Il fallait des images à la hauteur du texte de Martin Crimp. Des images qui nous permettent de pénétrer dans ce lieu, entre deux, qui est celui d’Into the little hill. Court opéra à deux voix, « conte lyrique » se présente-t-il, né sous la plume de l’auteur britannique, et du compositeur George Benjamin, Into the little hill est une réécriture contemporaine du Joueur de flûte de Hamelin. Jacques Osinski réussit à nous plonger dans le lieu du cauchemar qui est celui de ce conte. A donner vie à une des légendes les plus effrayantes transmises aux enfants par les frères Grimm : un musicien, trahi par la ville de Hamelin, va, à la suite des rats, attirer les enfants hors de chez eux par sa musique ensorcelante. Et les faire disparaître à jamais. Martin Crimp, dont on connaît le sens de la violence, et la critique tenue de la société contemporaine, réduit le gouvernement de la ville à une voix, celle d’un ministre, et les enfants à une figure, la fille du ministre. Et il ose replacer au centre du conte, ceux que l’on n’oublie à la lecture des Grimm : les rats. Ils sont partout : dans les cris du peuple, au début, qui demandent leur mort. Dans la supplication de la petite fille qui veut les épargner. Dans les comptes cyniques du ministre qui cherche à être réélu. Ils dansent et courent, jusqu’à prendre forme humaine dans les vidéos projetés sur scène. En parallèle, les visages des chanteuses Camille Merckx et Elise Chauvin. Elles sont tour à tour ministre, femme, joueur de flûte, véritable homme sans visage, petite fille, voix du peuple.
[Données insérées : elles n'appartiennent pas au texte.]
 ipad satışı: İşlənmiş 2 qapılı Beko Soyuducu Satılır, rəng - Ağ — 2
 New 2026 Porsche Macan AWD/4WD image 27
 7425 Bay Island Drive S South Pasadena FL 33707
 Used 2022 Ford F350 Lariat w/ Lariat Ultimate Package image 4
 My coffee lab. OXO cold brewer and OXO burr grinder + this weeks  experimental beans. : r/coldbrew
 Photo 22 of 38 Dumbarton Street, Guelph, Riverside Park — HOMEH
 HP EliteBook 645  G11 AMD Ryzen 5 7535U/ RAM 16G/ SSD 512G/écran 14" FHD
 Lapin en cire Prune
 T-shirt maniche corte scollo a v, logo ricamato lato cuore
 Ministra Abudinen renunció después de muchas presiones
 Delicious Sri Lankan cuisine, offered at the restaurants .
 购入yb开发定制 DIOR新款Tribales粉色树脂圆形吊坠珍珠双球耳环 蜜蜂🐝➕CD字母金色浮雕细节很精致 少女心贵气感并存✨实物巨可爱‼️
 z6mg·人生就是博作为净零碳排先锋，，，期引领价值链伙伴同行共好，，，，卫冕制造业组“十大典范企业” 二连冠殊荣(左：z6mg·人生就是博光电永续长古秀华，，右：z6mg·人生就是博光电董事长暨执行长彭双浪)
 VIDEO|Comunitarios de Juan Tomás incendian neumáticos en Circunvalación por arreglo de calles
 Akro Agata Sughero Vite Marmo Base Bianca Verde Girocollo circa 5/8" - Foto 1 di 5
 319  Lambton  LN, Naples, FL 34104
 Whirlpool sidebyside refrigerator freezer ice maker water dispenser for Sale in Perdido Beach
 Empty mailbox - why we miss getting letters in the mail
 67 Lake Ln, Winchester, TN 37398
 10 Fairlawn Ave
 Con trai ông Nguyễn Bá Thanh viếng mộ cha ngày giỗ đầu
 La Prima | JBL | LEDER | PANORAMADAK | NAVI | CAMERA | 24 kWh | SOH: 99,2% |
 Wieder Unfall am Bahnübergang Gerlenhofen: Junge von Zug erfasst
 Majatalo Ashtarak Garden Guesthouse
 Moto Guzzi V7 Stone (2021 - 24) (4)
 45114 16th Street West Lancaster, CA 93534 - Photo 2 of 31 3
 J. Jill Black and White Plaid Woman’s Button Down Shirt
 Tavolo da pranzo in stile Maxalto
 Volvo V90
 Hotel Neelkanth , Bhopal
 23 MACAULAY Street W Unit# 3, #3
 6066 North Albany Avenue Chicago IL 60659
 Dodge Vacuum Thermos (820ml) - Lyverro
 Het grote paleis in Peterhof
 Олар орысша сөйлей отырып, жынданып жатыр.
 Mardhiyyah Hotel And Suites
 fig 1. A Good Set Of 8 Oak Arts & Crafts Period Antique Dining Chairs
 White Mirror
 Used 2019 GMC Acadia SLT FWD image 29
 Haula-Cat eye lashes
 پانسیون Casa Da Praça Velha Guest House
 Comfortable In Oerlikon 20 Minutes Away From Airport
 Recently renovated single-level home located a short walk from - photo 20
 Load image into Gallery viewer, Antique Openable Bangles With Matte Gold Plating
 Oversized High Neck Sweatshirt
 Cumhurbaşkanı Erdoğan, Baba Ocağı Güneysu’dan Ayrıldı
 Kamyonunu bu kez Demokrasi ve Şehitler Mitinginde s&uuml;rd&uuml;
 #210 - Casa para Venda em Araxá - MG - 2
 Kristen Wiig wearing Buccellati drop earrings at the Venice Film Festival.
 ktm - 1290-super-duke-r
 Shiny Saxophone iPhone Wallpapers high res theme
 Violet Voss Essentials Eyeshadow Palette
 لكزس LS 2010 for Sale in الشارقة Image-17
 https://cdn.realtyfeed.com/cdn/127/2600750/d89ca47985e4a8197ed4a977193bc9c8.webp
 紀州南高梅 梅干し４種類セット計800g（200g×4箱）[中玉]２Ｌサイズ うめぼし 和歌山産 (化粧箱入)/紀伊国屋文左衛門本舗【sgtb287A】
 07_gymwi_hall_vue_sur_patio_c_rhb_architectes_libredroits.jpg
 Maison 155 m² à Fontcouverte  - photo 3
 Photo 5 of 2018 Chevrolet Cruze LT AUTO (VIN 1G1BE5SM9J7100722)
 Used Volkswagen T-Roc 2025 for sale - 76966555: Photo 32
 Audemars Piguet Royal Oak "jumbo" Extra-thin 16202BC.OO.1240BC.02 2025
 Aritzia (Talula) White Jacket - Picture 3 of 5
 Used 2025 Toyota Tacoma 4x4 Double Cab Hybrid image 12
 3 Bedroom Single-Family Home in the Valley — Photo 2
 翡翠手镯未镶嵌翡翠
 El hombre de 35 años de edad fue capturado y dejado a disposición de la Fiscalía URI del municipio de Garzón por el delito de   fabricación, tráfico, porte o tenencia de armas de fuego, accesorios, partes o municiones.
Leurs prouesses vocales méritent d’être saluées, tant les deux femmes réussissent à passer d’un registre à l’autre, sur la partition ressérée et sobre de Benjamin.
Seuls en scène ou dans leurs duos, elles transmettent l’angoisse, la rapacité, la terreur qui hantent ce court opéra qui réussit en moins d’une heure à faire se succéder ces différentes émotions, jusqu’à l’acmé final. Le spectateur se retrouve plongé dans la tension de cette ville onirique qui rêve d’extermination. Jacques Osinski, avec sa finesse habituelle, et ce sens de l’obscurité qu’il a déjà si précisément fait valoir dans Cap au pire, de Beckett, repris à partir d’aujourd’hui à l’Athénée, dans la petite salle, réussit une nouvelle fois à transmettre la densité d’un spectacle abrupt et beau. Et la musique de Benjamin, que l’on savoure dès l’ouverture, grâce au très beau solo de flûte interprété par Claire Luquiens qui nous fait entrer dans le trouble inconscient des sociétés qui rêvent de mort.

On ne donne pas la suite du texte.